Morin v. Bell Court Condominium Ass'n

Dupont, C. J.,

dissenting. I respectfully disagree with the decision of the majority affirming the granting of the defendant’s motion to set aside the jury’s general verdict in favor of the plaintiff and the rendering of judgment for the defendant notwithstanding verdict. The trial court rendered judgment for the defendant on the basis that there was no evidence from which the jury could have reasonably concluded that the defendant had actual or constructive knowledge of the plaintiff’s presence on the premises at the time and place of the accident. I do not disagree that as a matter of law the plaintiff was a licensee, and, that, therefore, the court was correct in not allowing the jury to decide the status of the plaintiff at the time of his injury on the defendant’s premises. Furstein v. Hill, 218 Conn. 610, 590 A.2d 939 (1991); Roberts v. Rosenblatt, *119146 Conn. 110, 112-13, 148 A.2d 142 (1959); 2 Restatement (Second), Torts § 344.1 do not agree, however, that the standard used by the trial court in its memorandum of decision to establish constructive notice of the plaintiff on the defendant’s premises was correct because I believe it is too restrictive. Further, I believe that the standard used by the trial court in its charge, and from which the court deviated in its memorandum, was correct. Because, in my opinion, the charge was correct, and because the evidence was sufficient for the jury to find that the defendant did have constructive notice of the plaintiff’s presence, I conclude that the court should not have set aside the verdict.

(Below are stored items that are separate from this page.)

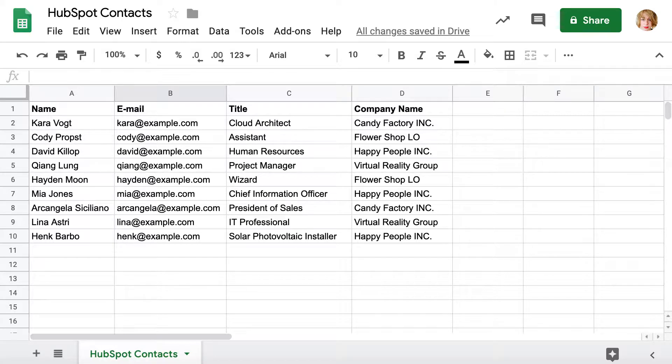If you have your contacts in a spreadsheet, Import2Wizard will help you to upload them into HubSpot and link to a related company in a few simple steps.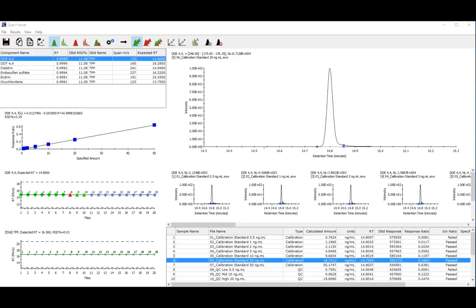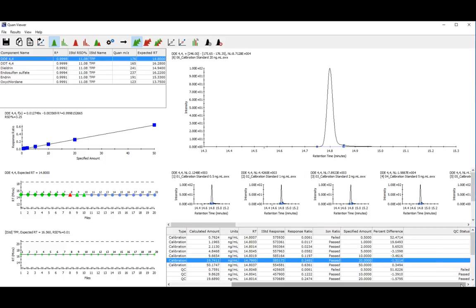You can also review component status in the Quan Viewer table. Here you can quickly see whether your iron ratio confirmation has passed or failed, and similarly, whether your QC samples have passed or failed.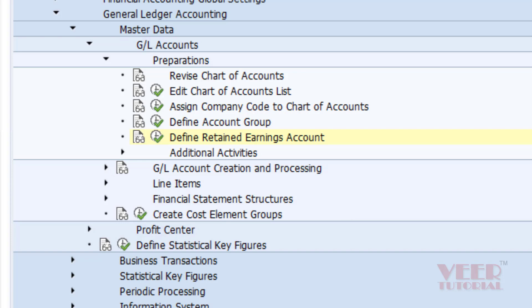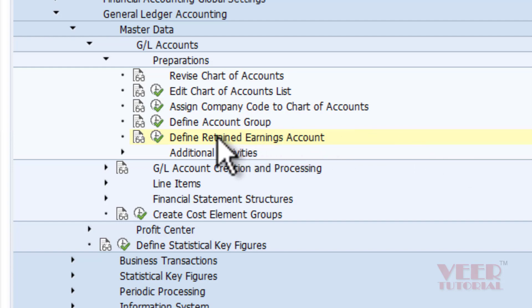Whatever the balance, whether it's a profit or loss, is transferred to the balance sheet because that is related to that particular fiscal year. The balance sheet GL balance is carried forward to the next fiscal year. So we have to define retained earnings in this option.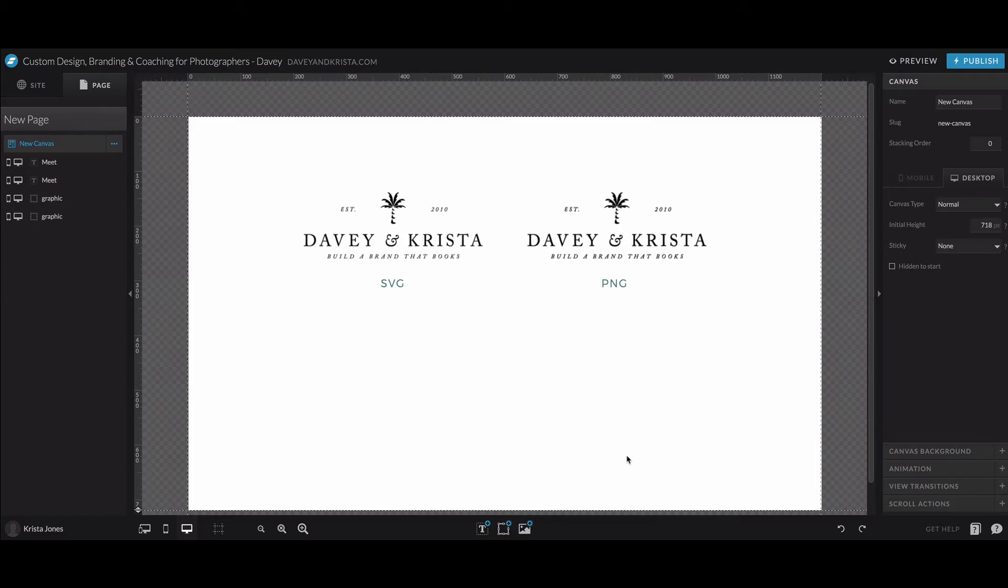Hey guys. So in today's video, I'm going to walk you through how to create and upload an SVG file and specifically in ShowIt.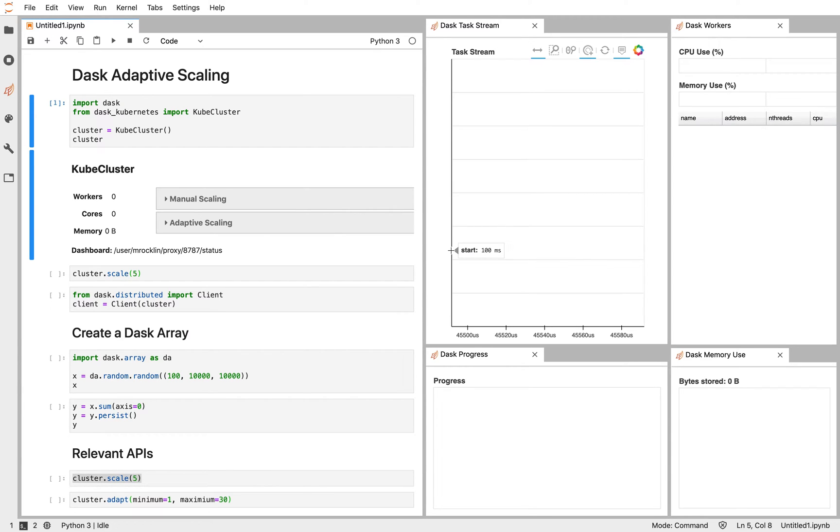Hello, everyone. In this screencast, we're going to talk about Dask's adaptive scaling. Adaptive scaling is a clever way to have Dask automatically control how large your Dask cluster gets based on your current load.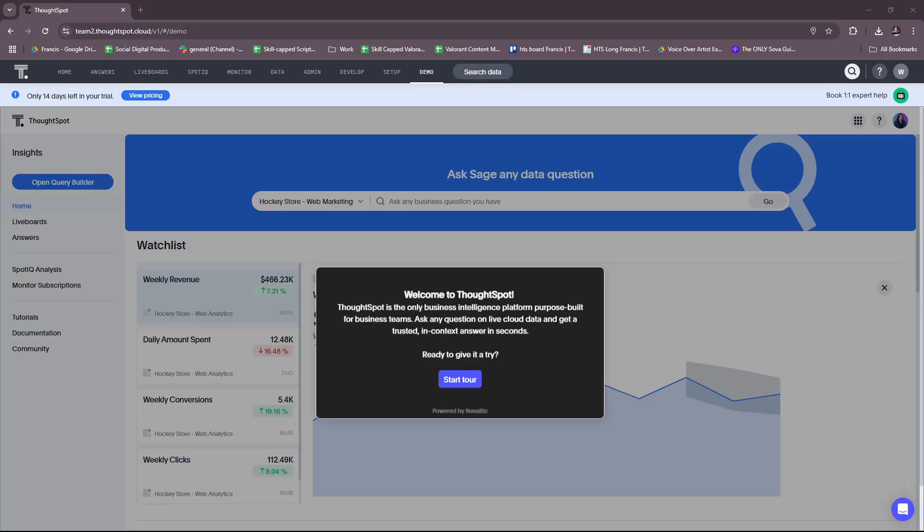Hello, everyone. In today's video, I'm going to show you a ThoughtSpot analytics tutorial for beginners. This video will have everything you need to get started with data insights using ThoughtSpot analytics. So without further ado, let's dive right into their website.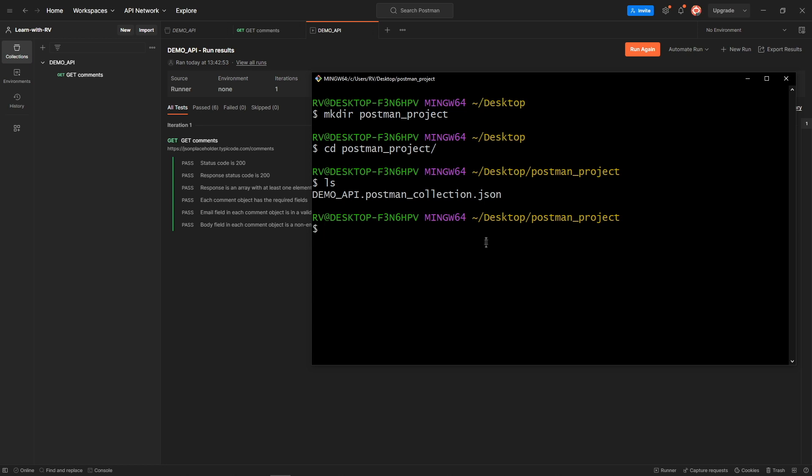The next step is to initialize npm and install newman.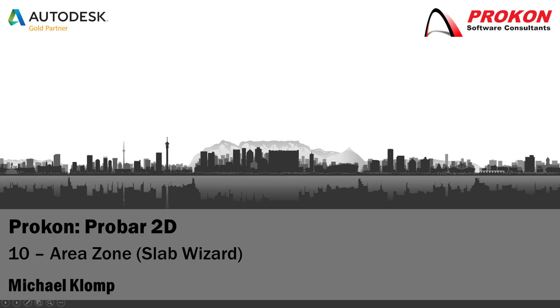Good day. Welcome to the Procon YouTube channel. My name is Michael Klomp and I'm a Technical Support Consultant at Procon.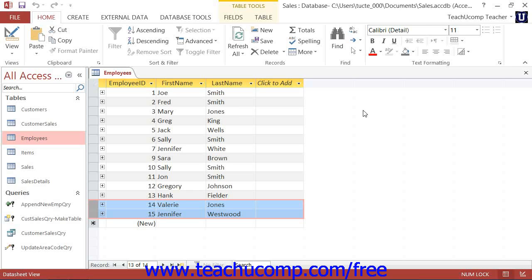So in order to not delete all of the records in a table, you must carefully select which records to delete by using query criteria.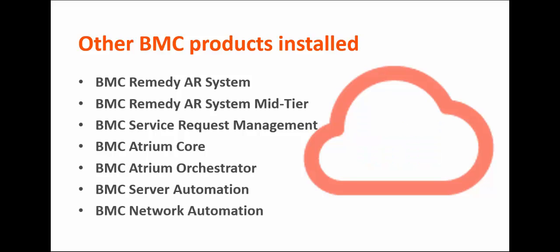BMC Network Automation, a resource provider for network resources, such as IP addresses, routers, and firewalls.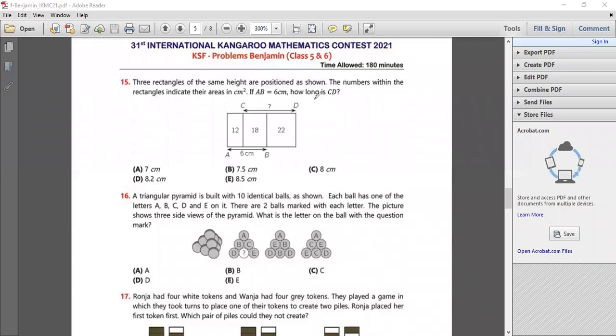Hello friends, today we will do Maths Kangaroo year 2021 level 5 and 6, or the Benjamin level, question number 15.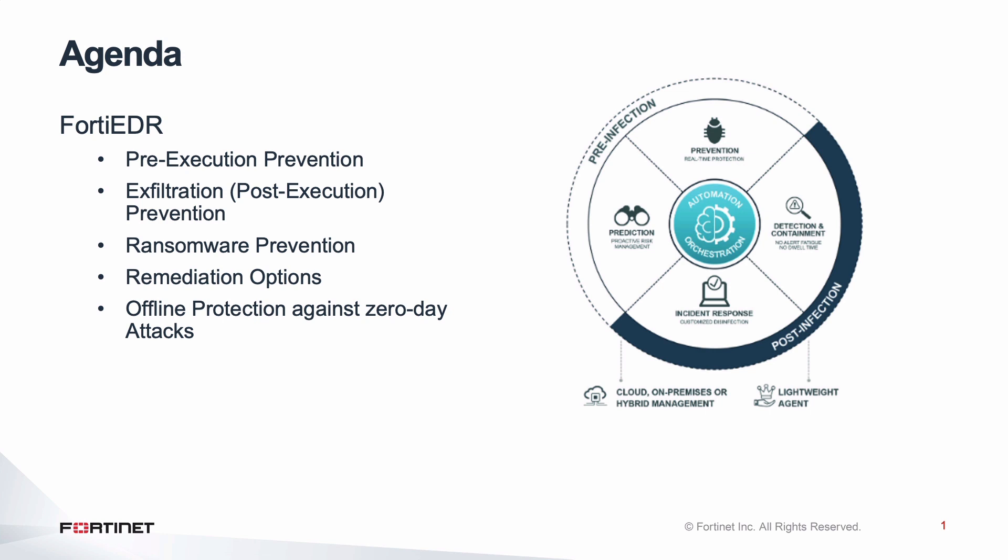Hi, in this video I will cover FortiEDR protection focusing on pre and post execution prevention, ransomware prevention, various remediation options available in FortiEDR, and at last I will go over offline protection against zero-day polymorphic malware.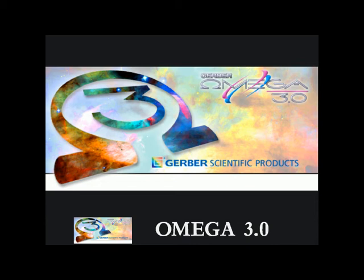Omega 3.0 is the best Omega yet, with new features, better productivity, and easier usage.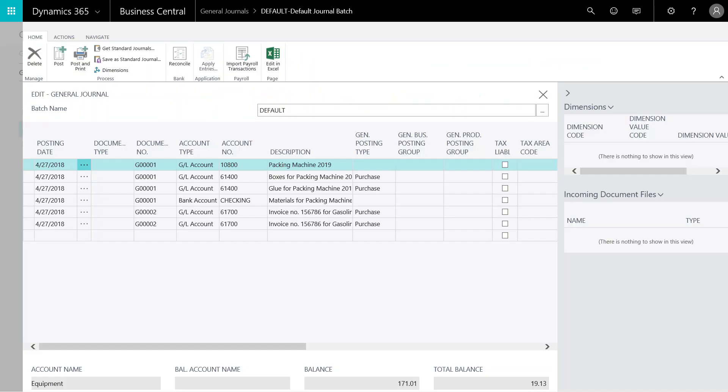When I return to Business Central, I can see that the entries in my Excel document have been published into my journal.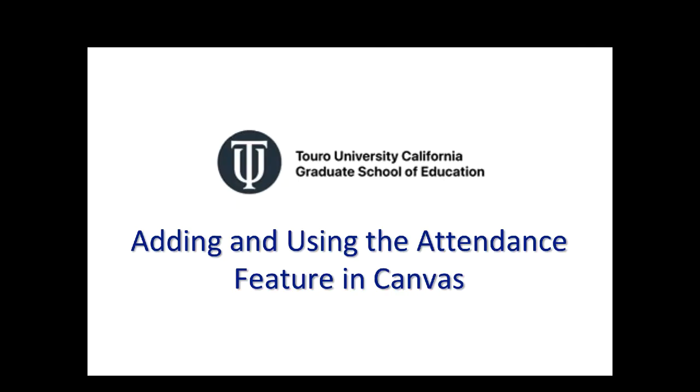So this has been a quick video that shows you how to add the attendance feature in Canvas, how to start using it, and then how to set it up so that it isn't impacting the students' overall grade in the course.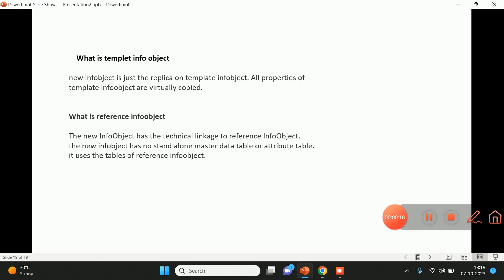A template info object — as we know, a template means something like a structure or schema which we can copy and use as a reference. So whenever we are creating any new info object, we are just using that template info object's properties for creating the new info object. In short, a template info object is used for creating new info objects, and while creating, we are copying the properties of the template info object virtually.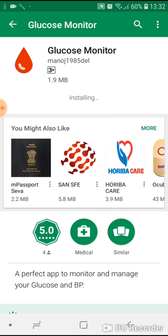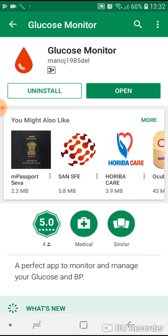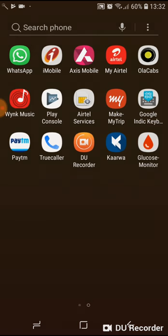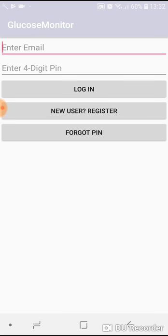In a flash of seconds the application has been installed. I'll go to the application and see the basics how it works. If you see on my screen, there's a blood icon called Glucose Monitor. I'll tap it. If you are a new user, you have to register yourself.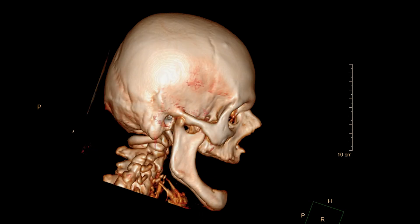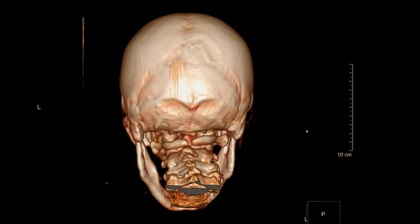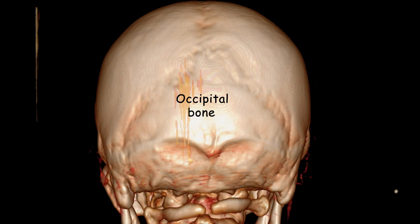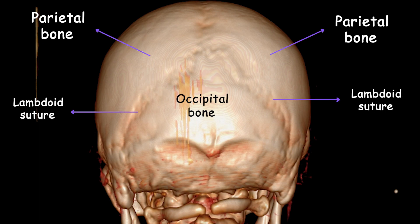Now let's shift attention to the back of the head, where the occipital bone can be seen. The occipital bone is a single bone located at the back and lower part of the skull, forming the posterior aspect of the cranium. It is a large, flat bone, roughly trapezoidal in shape, consisting of a squamous part and a basilar part. It plays a vital role in protecting the posterior part of the brain, supporting the skull, and providing attachment sites for muscles involved in movement and stabilization of the head and neck. The occipital bone attaches to the parietal bones at the lambdoid suture, visible on both sides of the skull.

The defendant in this case, a condominium association, maintained the common areas of Bell Court Condominiums in East Hartford. On May 13, 1986, at approximately 6 p.m., the plaintiff, an East Hartford police officer, was on the premises of one six unit building in the condominium complex in response to a call reporting a fire in the building. He was injured when he fell down the common stairway at the rear of the building while attempting to evacuate the residents. According to uncontroverted expert testimony given at trial, the plaintiff’s fall was caused by a defect in the stairway.1

In a one count complaint, the plaintiff sued the condominium association claiming, among other things, that the defendant was negligent in maintaining the staircase and the defendant failed to warn the plaintiff of the defective condition of the staircase. The court instructed the jury about the duty of care owed a *120licensee and the circumstances under which knowledge of the plaintiffs presence could be imputed to the defendant. The plaintiff objected to only that portion of the instruction defining his status as a licensee. The defendant did not object to the instruction at all and does not assert, on appeal, that any portion of the instruction constituted plain error.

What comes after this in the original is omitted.